» EXTRACTED MATERIAL:
○ ○ ○
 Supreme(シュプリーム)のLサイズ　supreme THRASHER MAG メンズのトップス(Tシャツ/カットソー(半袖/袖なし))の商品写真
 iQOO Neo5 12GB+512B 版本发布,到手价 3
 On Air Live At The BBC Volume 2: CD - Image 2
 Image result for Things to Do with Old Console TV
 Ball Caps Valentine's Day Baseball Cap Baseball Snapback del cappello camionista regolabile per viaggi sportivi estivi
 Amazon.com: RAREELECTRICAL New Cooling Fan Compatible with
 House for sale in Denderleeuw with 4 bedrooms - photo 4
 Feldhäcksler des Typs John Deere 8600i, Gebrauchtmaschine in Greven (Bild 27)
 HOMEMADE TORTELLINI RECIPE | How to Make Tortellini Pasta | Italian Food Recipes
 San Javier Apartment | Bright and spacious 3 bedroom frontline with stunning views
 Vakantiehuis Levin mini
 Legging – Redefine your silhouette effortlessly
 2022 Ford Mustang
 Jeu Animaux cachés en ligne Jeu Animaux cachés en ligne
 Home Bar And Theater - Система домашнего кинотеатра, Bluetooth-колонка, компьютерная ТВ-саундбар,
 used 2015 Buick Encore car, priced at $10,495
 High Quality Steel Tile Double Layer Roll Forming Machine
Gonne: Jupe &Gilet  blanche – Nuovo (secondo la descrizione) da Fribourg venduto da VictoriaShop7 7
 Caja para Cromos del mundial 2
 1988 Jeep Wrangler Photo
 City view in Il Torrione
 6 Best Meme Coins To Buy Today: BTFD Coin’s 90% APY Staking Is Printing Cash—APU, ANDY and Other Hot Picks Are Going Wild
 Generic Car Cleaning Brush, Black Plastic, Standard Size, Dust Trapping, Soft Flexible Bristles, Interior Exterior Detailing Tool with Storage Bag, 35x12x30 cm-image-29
○ ○ ○
» WORK ITEM:
Of the entries above, transcribe exactly those lines that fall between the line containing "Jeu Animaux cachés en ligne Jeu" and the line containing "High Quality Steel", together with those two lines.

» WORKED SOLUTION:
 Jeu Animaux cachés en ligne Jeu Animaux cachés en ligne
 Home Bar And Theater - Система домашнего кинотеатра, Bluetooth-колонка, компьютерная ТВ-саундбар,
 used 2015 Buick Encore car, priced at $10,495
 High Quality Steel Tile Double Layer Roll Forming Machine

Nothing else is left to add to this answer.